How I Got Involved
My journey with the Rachel Carson Trails Conservancy nominally began in the spring of 2008. Fresh off my first half-marathon finish, a friend told me that the Rachel Carson Trail Challenge would be a good next step, and that my training for a road half marathon would serve me well as sufficient preparation to take on the then-34-mile Challenge. (Note: that suggestion was incorrect.)
Fast forward a couple months, to June 21, 2008. I had maintained my “fitness” with some additional running, a bit of hiking, and a couple laps up a steep hill in my neighborhood for good measure (and to break in my brand-new trail shoes). I felt ready and was eager for the predawn start at Harrison Hills Park, confident that the hike would be challenging but manageable. In retrospect, I now realize that the start that morning, along with the first 30 or so miles that day, were just a prelude to a journey that continues to this day.
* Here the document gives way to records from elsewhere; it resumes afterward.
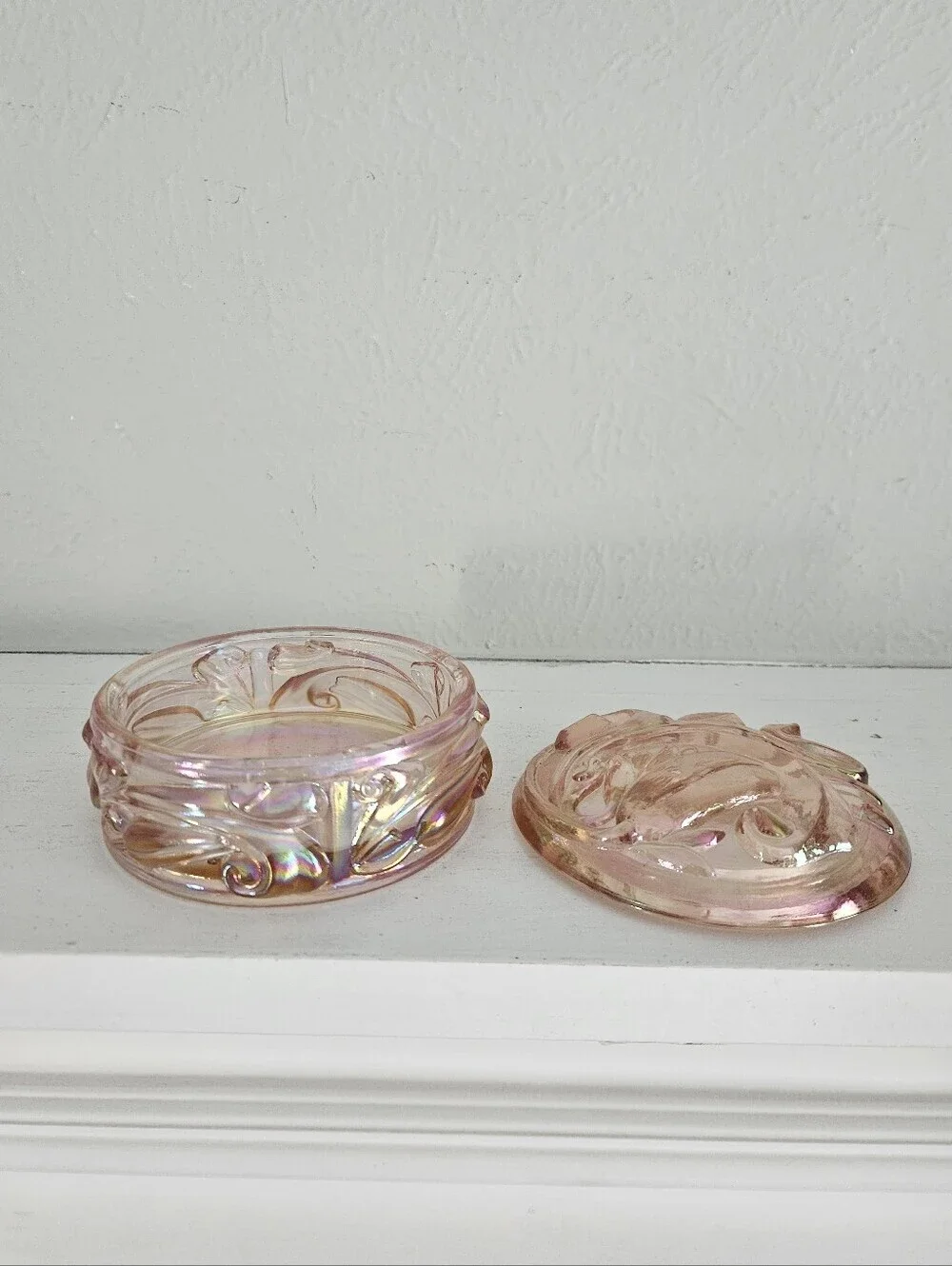 Vintage Fenton Opalescent Pink Chiffon Glass Powder/Trinket Jar With Dome Lid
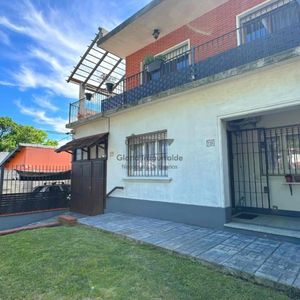 Casa En Venta C/ Cochera En Prado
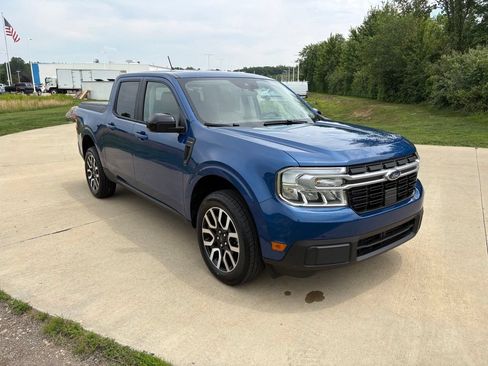 Used 2024 Ford Maverick Lariat FWD image 11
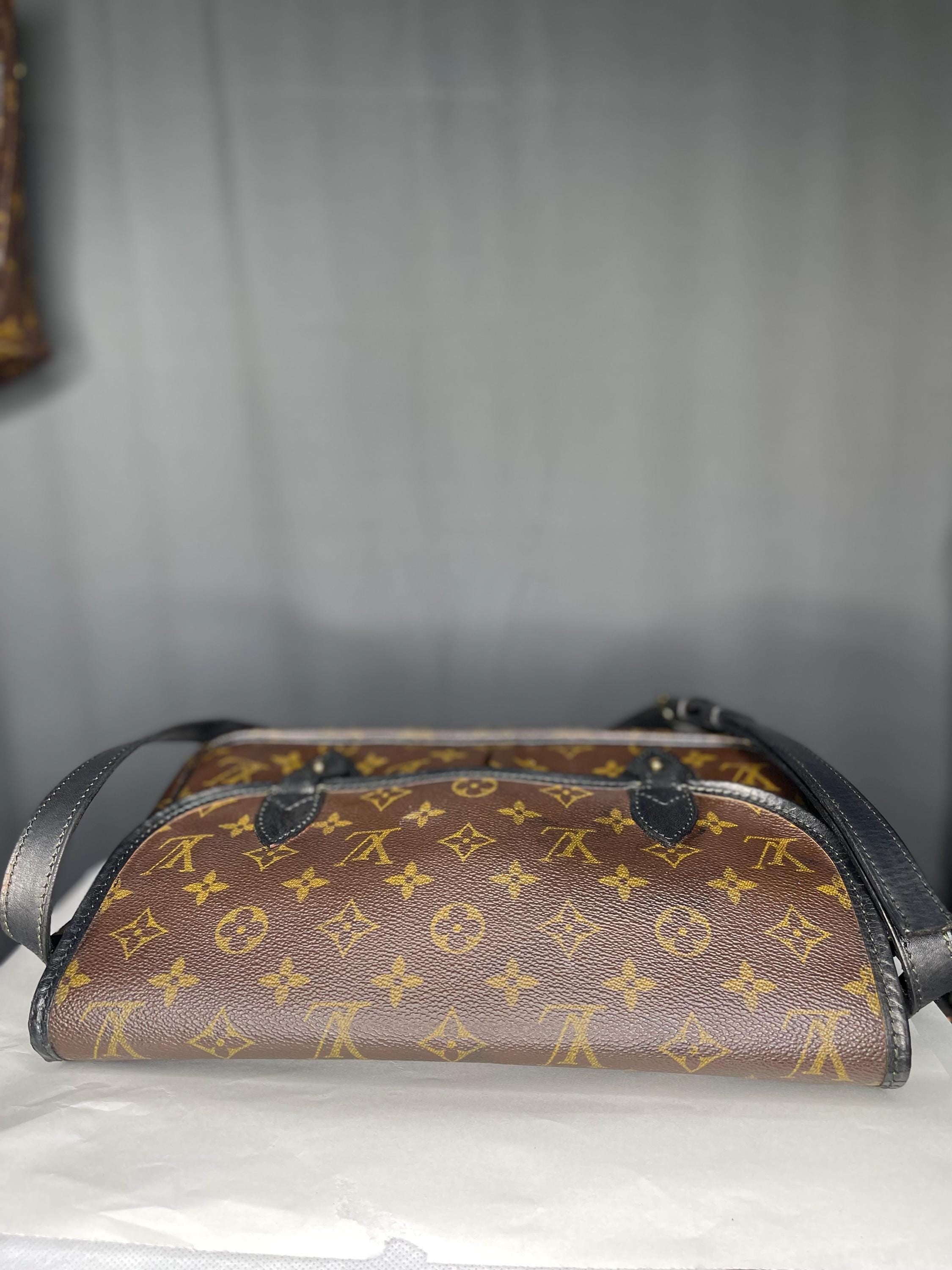 Authentic LOUIS VUITTON  Monogram Sac Gibeciere PM Vintage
My real journey with the Challenge, the Trail itself and the Conservancy more broadly began in earnest on a fallen log in a clearing along Crouse Run. That’s where I first cried uncle and laid down, broken, with all but one other companion having dropped out. And that’s where I started saying things that I thought people only said in movies, in places far more extreme than a valley behind what is now a pizza parlor. Things like “just tell them where you left me…” and “I’m just going to lay here a bit longer…” and other—less appropriate—observations about the event. The next few hours as I dragged myself to the finish were…difficult. And the next few days did not see much improvement.
But once the fatigue and nausea subsided, lessons became clear. Lessons about the humility that is required to endure a long day on your feet, the food and water required to fuel such days, and the training—the significant training—that is required to prepare your body and mind for the Challenge. For several years after my first Challenge, I continued to be drawn to the event and the suffering it brought with it. I experimented with different distances, trained harder, and even ran the Trail here and there. During those years, my relationship with the Rachel Carson Trail was mostly a solitary pursuit—competing with myself and trying to better my own results.
Then, having tried most of the options available (both directions, whole and half Challenges alike), I felt drawn to something else—not just the Challenge, but the Rachel Carson Trail itself. A trail that seemed to be hidden in plain sight. I became fascinated with how it exists in places where many people go about their daily lives—yet they know nothing about what those yellow rectangles mean. I was inspired by the regular folks who show up—year after year—to spend one of the longest days of the year making and handing out peanut butter and jelly sandwiches to sweaty, exhausted strangers. Or the people who spend the other three seasons cutting trees and building steps in the middle of the woods, sometimes miles from any road. To put it bluntly, I began to love the trail and the people who loved it back—because I was one of them.
And that love is what drew me to serve. To join the volunteers, managers, and the board members who make this whole thing work and who keep the culture of this trail alive.
As so many journeys do, my own journey with the Rachel Carson Trail eventually led me back to that clearing this past summer as a Board member on a forest bathing hike (which I strongly encourage people to try). We were instructed to pick a spot to reflect and pay attention. I chose a spot staring straight at my log, which, believe it or not, is still there. Of course, it is a bit more decomposed than it was that summer afternoon in 2008 (I know the feeling). But like that log, I’m still around. Although my role has changed, I’m still hiking, still trying to spend as much time as possible in these beautiful Western Pennsylvania hills, and—perhaps most important—I’m still trying to learn lessons from the land and this Trail we all love so much.